The wavelength `lambda` of de Broglie waves associated with an electron (mass `m`, charge) accelerated through a potential difference of `V` is given by (`h` is plank's constant):

To find the de Broglie wavelength (λ) of an electron that has been accelerated through a potential difference (V), we can follow these steps: ### Step-by-Step Solution: 1. **Understand the Concept of Kinetic Energy**: When an electron is accelerated through a potential difference (V), it gains kinetic energy.
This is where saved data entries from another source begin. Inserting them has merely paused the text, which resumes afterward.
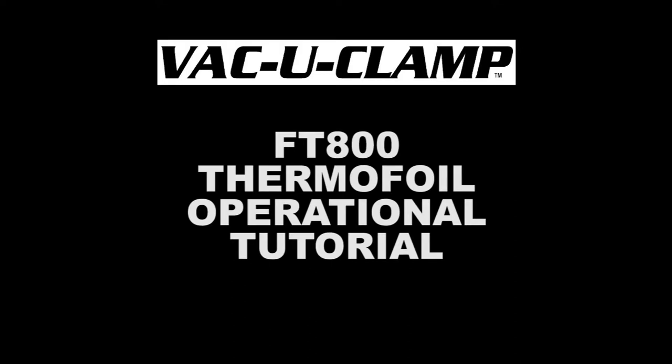This is a brief tutorial of the PLC, or Programmable Logic Control System, used in the FT-800 Thermo-Foil Press, as well as several other model presses that we produce.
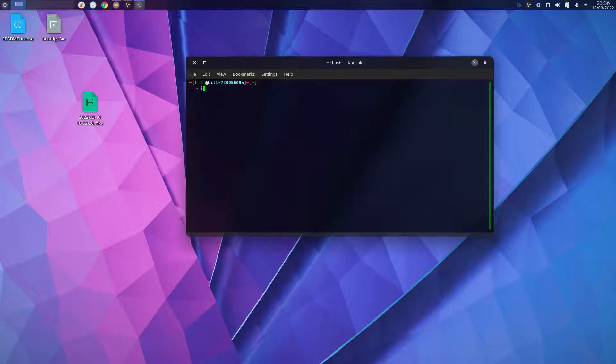If you run the ls command, it will show you the current directory you're in.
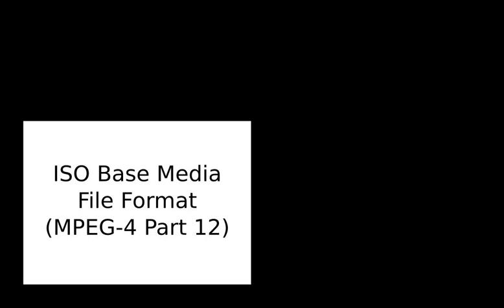While the only official filename extension defined by the standard is .mp4, various filename extensions are commonly used to indicate intended content. MPEG-4 files with audio and video generally use the standard .mp4 extension.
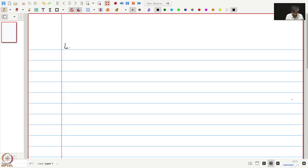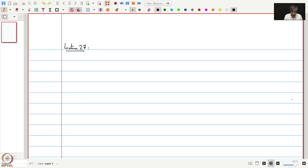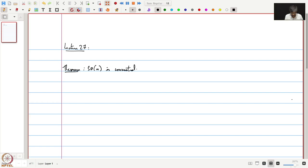This is Lecture 27. Before we start a discussion on compact metric spaces, we will see a nice application of what we have seen so far. Today we will prove a very interesting theorem: SO(N) is connected. In fact, SO(N) is also path connected, but that takes a little bit more work, so in this course we will prove that SO(N) is connected.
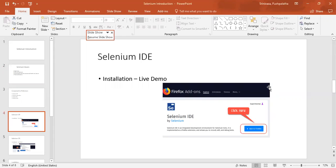And today we'll go over how do we record this, how do we use Selenium IDE, and how do you install Selenium IDE.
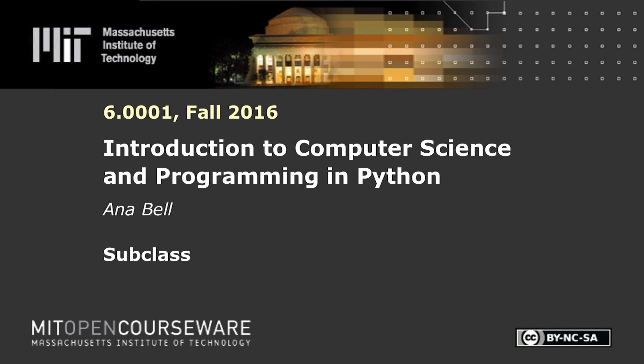The following content is provided under a Creative Commons license. Your support will help MIT OpenCourseWare continue to offer high-quality educational resources for free. To make a donation or view additional materials from hundreds of MIT courses, visit MIT OpenCourseWare at ocw.mit.edu.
The kinetic energy (KE) gained by the electron can be expressed as: \[ KE = eV \] where \( e \) is the charge of the electron. 2. **Relate Kinetic Energy to Momentum**: The momentum (P) of an object can be related to its kinetic energy using the formula: \[ KE = \frac{P^2}{2m} \] Rearranging this gives us: \[ P = \sqrt{2m \cdot KE} \] 3. **Substituting Kinetic Energy**: Now, substitute the expression for kinetic energy (KE = eV) into the momentum equation: \[ P = \sqrt{2m \cdot eV} \] 4. **Using the de Broglie Wavelength Formula**: The de Broglie wavelength (λ) is given by the formula: \[ \lambda = \frac{h}{P} \] where \( h \) is Planck's constant. 5. **Substituting Momentum into the Wavelength Formula**: Now substitute the expression for momentum (P) into the de Broglie wavelength formula: \[ \lambda = \frac{h}{\sqrt{2m \cdot eV}} \] 6. **Final Expression**: Thus, the wavelength of the de Broglie waves associated with an electron accelerated through a potential difference \( V \) is: \[ \lambda = \frac{h}{\sqrt{2meV}} \] ### Conclusion: The correct expression for the de Broglie wavelength of an electron accelerated through a potential difference \( V \) is \( \lambda = \frac{h}{\sqrt{2meV}} \).